Software Coding for software engineeringSoftware Coding for software engineering
Software Coding for software engineeringssuserb3a23b

Recently uploaded (20)

Tech Tuesday - Mastering Time Management Unlock the Power of OnePlan's Timesh...
Tech Tuesday - Mastering Time Management Unlock the Power of OnePlan's Timesh...Tech Tuesday - Mastering Time Management Unlock the Power of OnePlan's Timesh...
Tech Tuesday - Mastering Time Management Unlock the Power of OnePlan's Timesh...
What is Advanced Excel and what are some best practices for designing and cre...
What is Advanced Excel and what are some best practices for designing and cre...What is Advanced Excel and what are some best practices for designing and cre...
What is Advanced Excel and what are some best practices for designing and cre...
React Server Component in Next.js by Hanief Utama
React Server Component in Next.js by Hanief UtamaReact Server Component in Next.js by Hanief Utama
React Server Component in Next.js by Hanief Utama
Hot Sexy call girls in Patel Nagar🔝 9953056974 🔝 escort Service
Hot Sexy call girls in Patel Nagar🔝 9953056974 🔝 escort ServiceHot Sexy call girls in Patel Nagar🔝 9953056974 🔝 escort Service
Hot Sexy call girls in Patel Nagar🔝 9953056974 🔝 escort Service
Intelligent Home Wi-Fi Solutions | ThinkPalm
Intelligent Home Wi-Fi Solutions | ThinkPalmIntelligent Home Wi-Fi Solutions | ThinkPalm
Intelligent Home Wi-Fi Solutions | ThinkPalm
2.pdf Ejercicios de programaciĂłn competitiva
2.pdf Ejercicios de programaciĂłn competitiva2.pdf Ejercicios de programaciĂłn competitiva
2.pdf Ejercicios de programaciĂłn competitiva
Sending Calendar Invites on SES and Calendarsnack.pdf
Sending Calendar Invites on SES and Calendarsnack.pdfSending Calendar Invites on SES and Calendarsnack.pdf
Sending Calendar Invites on SES and Calendarsnack.pdf
Recruitment Management Software Benefits (Infographic)

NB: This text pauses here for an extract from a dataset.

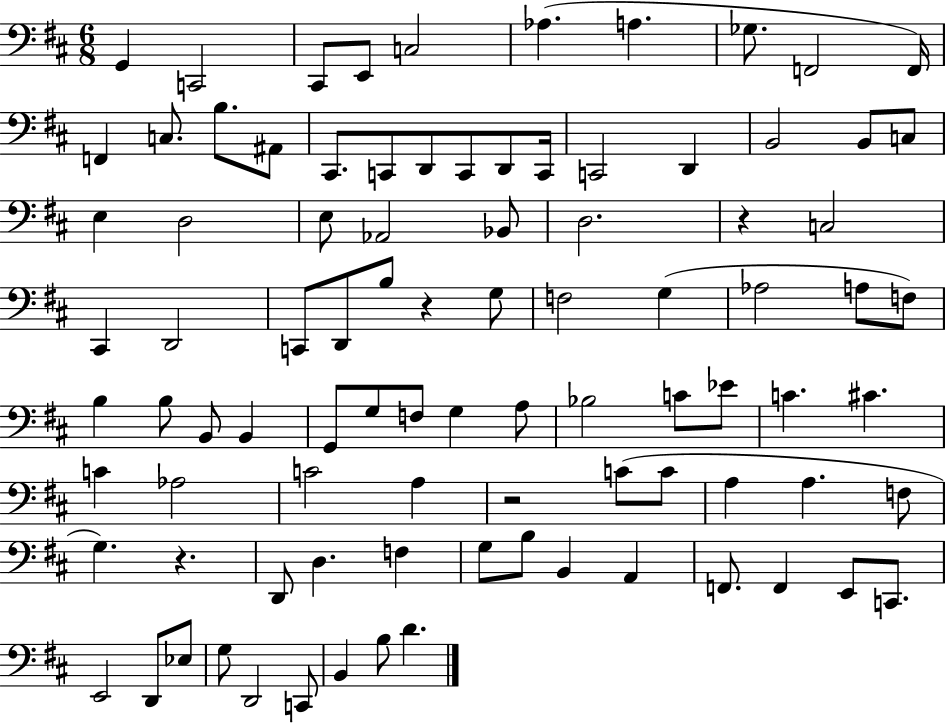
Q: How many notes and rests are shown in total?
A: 91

Recruitment Management Software Benefits (Infographic)Recruitment Management Software Benefits (Infographic)
Recruitment Management Software Benefits (Infographic)

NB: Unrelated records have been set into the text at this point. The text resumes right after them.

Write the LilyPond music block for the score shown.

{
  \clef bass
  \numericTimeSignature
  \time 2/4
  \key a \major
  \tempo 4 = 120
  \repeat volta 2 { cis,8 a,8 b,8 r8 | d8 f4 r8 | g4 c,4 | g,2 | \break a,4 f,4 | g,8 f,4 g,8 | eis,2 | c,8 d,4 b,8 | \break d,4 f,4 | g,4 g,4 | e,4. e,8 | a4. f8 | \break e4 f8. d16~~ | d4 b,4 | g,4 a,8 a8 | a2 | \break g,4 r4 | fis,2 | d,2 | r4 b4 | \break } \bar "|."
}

Odoo 14 - eLearning Module In Odoo 14 Enterprise
Odoo 14 - eLearning Module In Odoo 14 EnterpriseOdoo 14 - eLearning Module In Odoo 14 Enterprise
Odoo 14 - eLearning Module In Odoo 14 Enterprise
Unveiling Design Patterns: A Visual Guide with UML Diagrams
Unveiling Design Patterns: A Visual Guide with UML DiagramsUnveiling Design Patterns: A Visual Guide with UML Diagrams
Unveiling Design Patterns: A Visual Guide with UML Diagrams
Dealing with Cultural Dispersion — Stefano Lambiase — ICSE-SEIS 2024
Dealing with Cultural Dispersion — Stefano Lambiase — ICSE-SEIS 2024Dealing with Cultural Dispersion — Stefano Lambiase — ICSE-SEIS 2024
Dealing with Cultural Dispersion — Stefano Lambiase — ICSE-SEIS 2024
Software Project Health Check: Best Practices and Techniques for Your Product...
Software Project Health Check: Best Practices and Techniques for Your Product...Software Project Health Check: Best Practices and Techniques for Your Product...

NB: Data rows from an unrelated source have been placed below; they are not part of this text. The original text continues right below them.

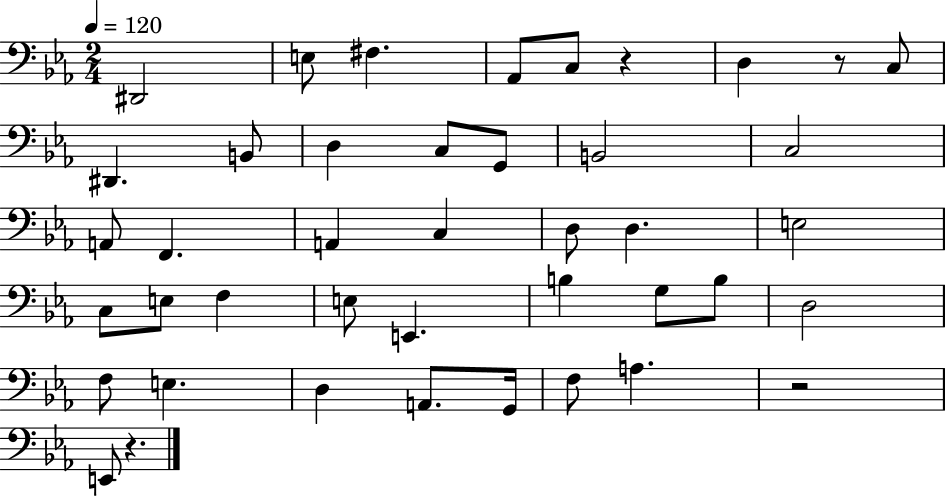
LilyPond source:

{
  \clef bass
  \numericTimeSignature
  \time 2/4
  \key ees \major
  \tempo 4 = 120
  dis,2 | e8 fis4. | aes,8 c8 r4 | d4 r8 c8 | \break dis,4. b,8 | d4 c8 g,8 | b,2 | c2 | \break a,8 f,4. | a,4 c4 | d8 d4. | e2 | \break c8 e8 f4 | e8 e,4. | b4 g8 b8 | d2 | \break f8 e4. | d4 a,8. g,16 | f8 a4. | r2 | \break e,8 r4. | \bar "|."
}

Software Project Health Check: Best Practices and Techniques for Your Product...
Maximizing Efficiency and Profitability with OnePlan’s Professional Service A...
Maximizing Efficiency and Profitability with OnePlan’s Professional Service A...Maximizing Efficiency and Profitability with OnePlan’s Professional Service A...
Maximizing Efficiency and Profitability with OnePlan’s Professional Service A...
Balasore Best It Company|| Top 10 IT Company || Balasore Software company Odisha
Balasore Best It Company|| Top 10 IT Company || Balasore Software company OdishaBalasore Best It Company|| Top 10 IT Company || Balasore Software company Odisha
Balasore Best It Company|| Top 10 IT Company || Balasore Software company Odisha
VK Business Profile - provides IT solutions and Web Development
VK Business Profile - provides IT solutions and Web DevelopmentVK Business Profile - provides IT solutions and Web Development
VK Business Profile - provides IT solutions and Web Development
Alfresco TTL#157 - Troubleshooting Made Easy: Deciphering Alfresco mTLS Confi...
Alfresco TTL#157 - Troubleshooting Made Easy: Deciphering Alfresco mTLS Confi...Alfresco TTL#157 - Troubleshooting Made Easy: Deciphering Alfresco mTLS Confi...
Alfresco TTL#157 - Troubleshooting Made Easy: Deciphering Alfresco mTLS Confi...
Ahmed Motair CV April 2024 (Senior SW Developer)
Ahmed Motair CV April 2024 (Senior SW Developer)Ahmed Motair CV April 2024 (Senior SW Developer)
Ahmed Motair CV April 2024 (Senior SW Developer)
Software Coding for software engineering
Software Coding for software engineeringSoftware Coding for software engineering
Software Coding for software engineering

A brief history of "big data"

  • 1. BIG DATA A BRIEF HISTORY OF Nicola Ferraro
  • 2. SUMMARY • Welcome intro • What is Big Data? • Some components: • HDFS • MapReduce • Pig • Hive • Oozie • Flume • Sqoop • Mahout • Impala • More components: • YARN & MapReduceV2 • NoSQL & Hbase • Solr • Spark • Cloudera Manager • Hue
  • 3. MOTIVATION "There were 5 hexabytes of information created between the dawn of civilization through 2003, but that much information is now created every 2 days, and the pace is increasing.” Eric Schmidt, Google, August 2010 5EB 5EB 5EB 5 E B 5 E B 5 E B ?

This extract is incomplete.